Thursday, 10 September 2009

Getaway

Transmission Starts...

It's an undisclosed date, time and place.
The trees are still and the air heavy. A Renault Sport Clio Cup 172, driven by The Mechanic, bites hard on the English air. We overtake desperately...

"Let me take you round the lanes" he'd said.

I'd had a short go in the 172. I'd found it to be a revelation. I could actually feel the front axle moving around in my hands. The steering was brilliant, the engine, eager and sonorous. I'd feared an over rated, uncomfortable cardboard box. True, the Renault is no solid German but it's better then you think. True, the last Clio I'd driven had felt odd, somehow perching you on top of the car instead of inside it.
But the 172...
The 172 was comfortable, the ride wasn't too hard, the gearbox, although slightly vague didn't suffer from French pudding syndrome. In other words it didn't feel like I was stirring porridge. Even though it didn't have ABS or any sort of electronic aids I was sure we would be ok.
Thus;

Rule No. 002 - Safety Is Absolutely Coupled To Feel

After promised lanes an over eager exit from town had met a 330d in police livery coming the other way. After I'd sent my friend down a dead end drive way we'd exited and cooled off. We'd turned back and got on it again. We'd met the 330d again. The 172 providing the extension to his strength, The Mechanic had hurled us down the road towards lanes unclassified.
"We'll be fine" I'd assure.
"We'll be reported" I'd schizophrenically added.
Later, the Renault ticking at the side of the road, I'd asked the more mundane questions. The answers, 35-40 mpg, no major trouble, totally reliable, had told me all I needed to know. I want one. I want one badly. Perhaps not badly enough to get chased around though...

Transmission Ends....




Friday, 4 September 2009

Bank Job

Transmission Starts...

Of course you know that the thumpa-thumpa of those Imprezas that cruise around town and city centre one-way systems on this island Britain is artificial. It's all in the exhaust lengths you see. What's important though, what's important is that it is easily discernible.
When that thumpa-thumpa turned into a loud snarl then a popping on the overrun I knew what was being chased. Police sirens flooded the distant night but our man (or woman) in his (or her) Impreza was doing a good job of keeping the fuzz at bay. I could hear him (her) snarl down the Lansdown road, pop and crackle down the gears before screeching around the roundabout at the top of Montpelier.
Of course they'd get him in the end. Once the police became airborne he'd (she'd) be done for. That turbo flat-four would glow so fiercely that any old idiot with heat sensitive goggles would see him. Plod in a whirly-bird would have no trouble at all.

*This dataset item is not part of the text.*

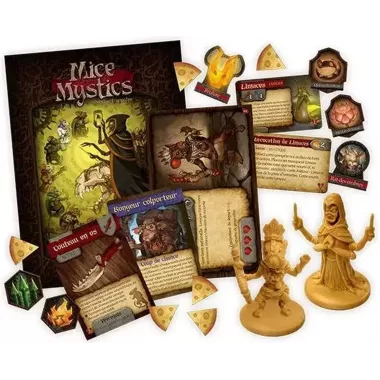 Mice & Mystics : Le coeur de Glorm - Extension matériel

So we live in a world of CCTV and helicopters. So we live in a world of GPS. Putting all of that to one side though, imagining all of these things did not exist, that it was still driver -vs- driver,
What
Would
I
Choose?
something big of course. Something big enough to ram a police spec X-5 or Range Rover. Something fast, something high and 4WD. Something able to cross a field but shoot down a motorway.
I'm gonna rule out the police choice afore mentioned SUV's. The baddies never drive the same vehicle as the goodies. That is not how it is written. Porsche is out. I got drunk the other day and kicked one as hard as I could. No criminal damage. To solid. A case made you might think, but I hate the things. Case closed, I think.
That leaves the BMW X6 M. Almost as offensive as the Porsche, but not quite. The new bimmer has the guts and the glory. Imagine coming across a road block of 330d's and Volvo T-5's. Imagine putting your foot down and listening to the growl of a 547bhp twin turbo V8 marshaling near as damn it 2.4 tons of German battering ram. Imagine the patrol car's engine bay spread over the carriage-way as you roar off into the night. It's everything you need. Everything you need for a bank heist.
The man who lives at the tip of my home road, however, is not a bank robber. He does live in a world of GPS, CCTV and helicopters. He doesn't need a 2.4 ton four seater that does an average of 16 mpg. He simply trundles around in it, kids in the back.
Fool.

Transmission Ends...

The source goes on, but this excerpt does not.